In Brazil’s Center-West states of Goiás, Mato Grosso, and Mato Grosso do Sul — which together account for about 50% of Brazil’s total soybean output — abundant rainfall has created favorable planting conditions, as can be seen with Gro’s Climate Risk Navigator for Agriculture, weighted for the three states’ soybean areas. However, recent high temperatures have drawn down soil moisture reserves, and additional rainfall — which Gro’s two-week forecast currently predicts will be below normal — will be needed for the crop to thrive.
El Niño could make a difference in the crop’s outcome. The global climate event historically has brought higher precipitation to Brazil’s croplands, though mostly in southern states. Indeed, Gro’s long-term forecasts currently point to wetter-than-average weather in the country’s south for the October-December period, but drier-than-normal weather in the central states of Mato Grosso and Goiás.
This year’s onset of El Niño could mark a sharp departure from three consecutive years of La Niña, which brought drought to the region, especially to Argentina. Dry conditions hammered Argentina’s corn production last year and continue to plague the country’s cropland this year, as Gro wrote about here. An El Niño-induced return to greater rainfall would be a welcome development.

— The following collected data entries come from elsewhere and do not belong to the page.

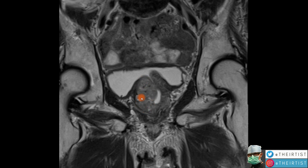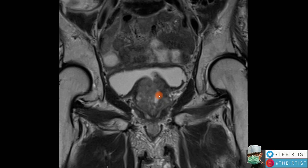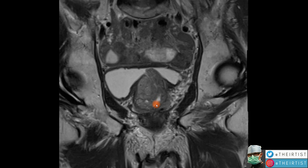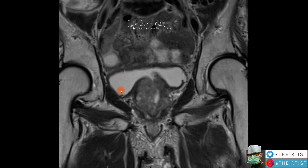We were not able to treat the right lobe because there were no visible arteries to safely deliver the particles — it remained unchanged. Both lobes were approximately the same size before, pressing together against the urethra. Now the urethra is full of urine, appearing white — a conduit has opened up, allowing urine to flow into the bladder.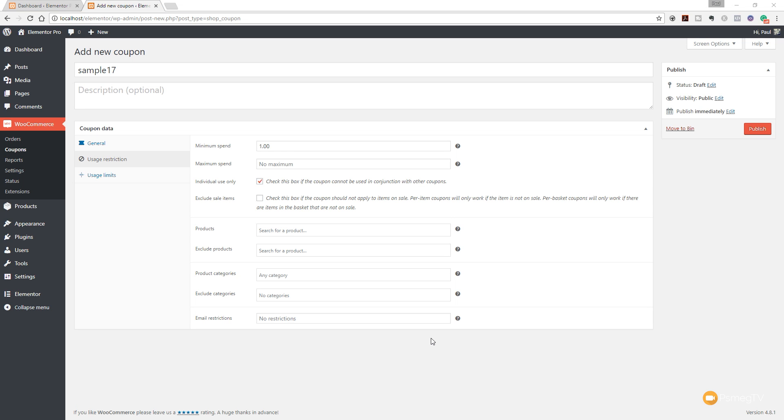And the final option we have in this section is email restrictions. So we could, if we wanted to, restrict the usage of this coupon based upon someone's email address. We may want someone to not have access to this, but we want to mail it out to everybody. Well, you have that option there—you can limit what email addresses are blocked from being able to use this coupon code.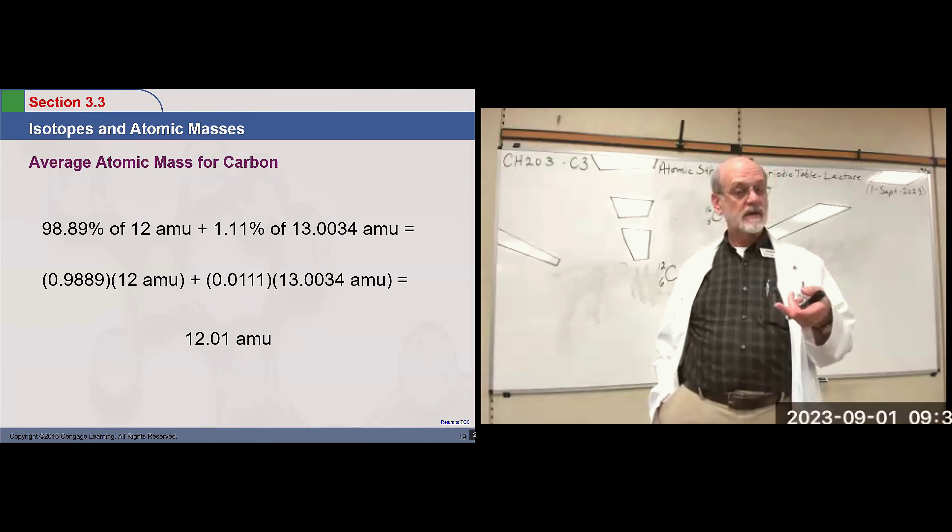Mendeleev also had gaps in his table where no discovered element would fit the group characteristics — so he left them blank. Not only that, he used his knowledge of other groups to predict what the expected behavior would be for those unknown elements: this weight, these physical and chemical characteristics. He predicted them, and sure enough, they were found. That's why Mendeleev gets the lion's share of the credit for the periodic table — because of its predictive ability.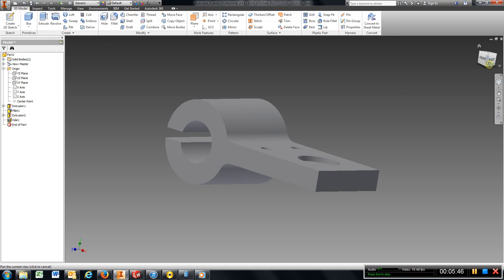That finishes chapter 5, exercise 4, hinge guide.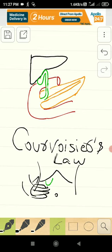Today's interesting topic is Courvoisier's law. So what is this Courvoisier's law?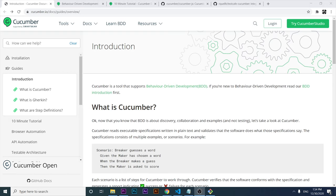Hi there Owls, welcome back to Joang Media, the channel where you can learn about software automation, testing, technology, and marketing. It's a pleasure to have you here again. Thank you very much for watching this video.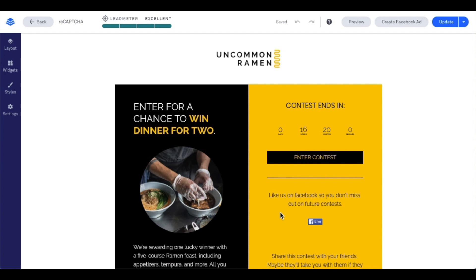Before we dive into setting up reCAPTCHA within the form on our page, let's talk about the fine print. Leadpages supports reCAPTCHA v2 only. It's important when setting up your Google reCAPTCHA keys that you use reCAPTCHA v2. A Google account is required to implement reCAPTCHA.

Much wetter conditions prevail in Brazil’s south. In Rio Grande do Sul, which accounts for as much as 15% of the country’s total soybeans, both accumulated precipitation and soil moisture levels are above historical averages and additional rain is forecast through mid-October, as shown in this Gro Navigator display. Soybean planting starts later in southern states and overly wet and cool conditions could delay operations.
Brazil’s soybean acreage has increased every year since 2007, as shown by Gro’s Brazil Soybean Monitor. The Monitor also contains Gro’s Brazil Soybean Yield Forecast Model, which will go live once the crop gets established in December. IBGE, the Brazilian statistics agency, estimates soybean planted area will increase another 6.5% in the current season.